1. What might be the other cases which uses Logs? typically in cases where the variable is in the exponent

Logarithm - Wikipedia, the free encyclopedia

2. Is this always true whenever a limit of a polynomial which is raised to a fraction whose denominator approaches to zero?

L'Hopital's rule is used in cases where both numerator and denominator
of a quotient are both approaching 0 or both approaching infinity.

To apply that rule, both numerator and denominator are differentiated.

3. Natural Logarithms can also be? The natural logarithm is defined as.... $lnx=\log_ex$

4. And what if for example a limit approaches to either POSITIVE of NEGATIVE Infinity, how could it be substituted to the function given, what would be the answer and how should it be done?
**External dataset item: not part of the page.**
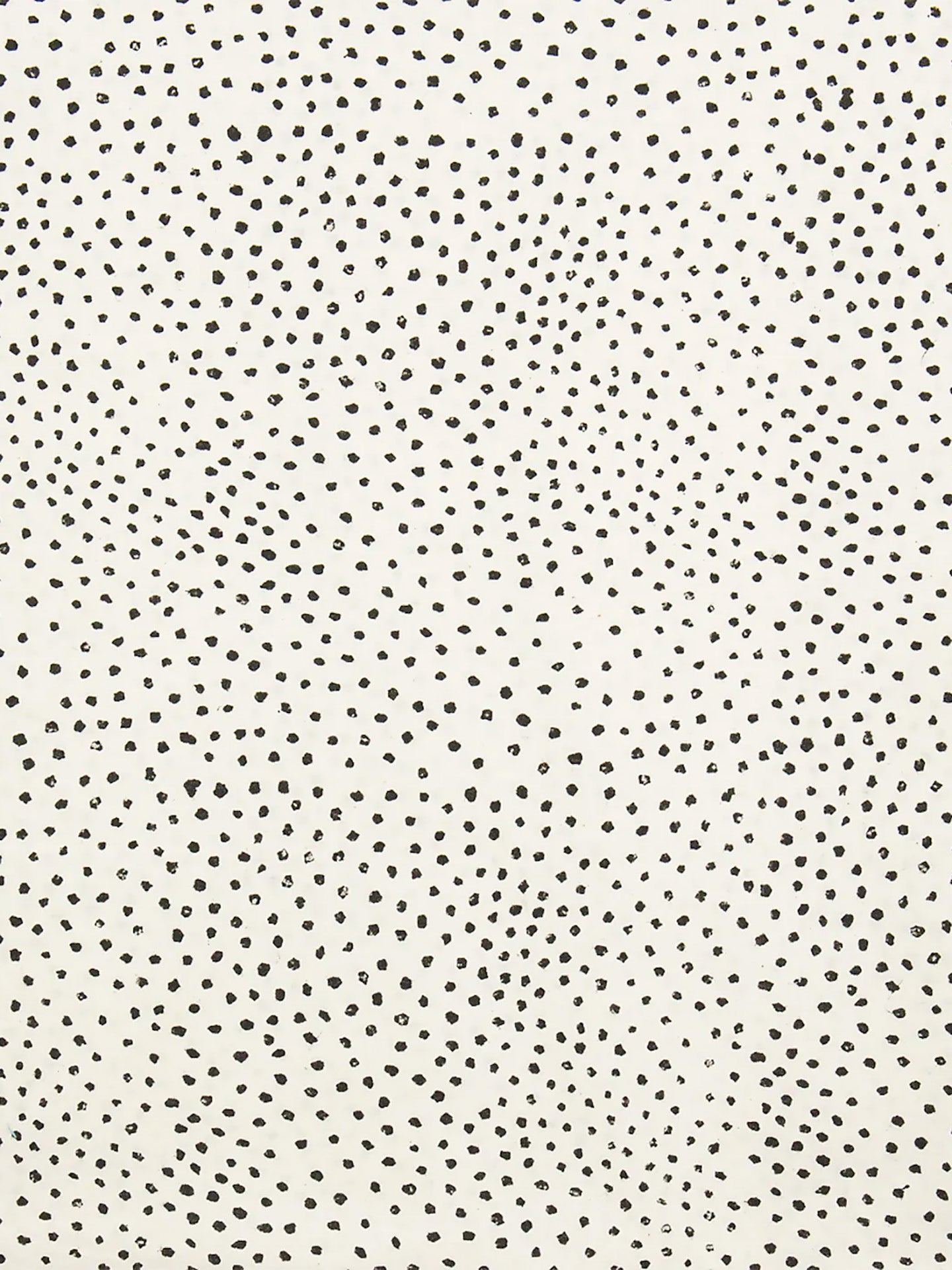 A close-up of thin soft cotton fabric with a warm off-white background covered in small, irregular black speckles and dots.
THANKS AGAIN IN ADVANCE!!!

I don't have a suitable answer to (4.) above.
Hopefully you will receive a reply, but I'd advise maybe starting a new thread,
quoting some specific examples and how far you can get with them.
You'd get some good responses then as logs are not my forte!
• October 8th 2010, 03:31 PM
cutiemike1
I understood the whole thing now. Thanks a lot to the both of you.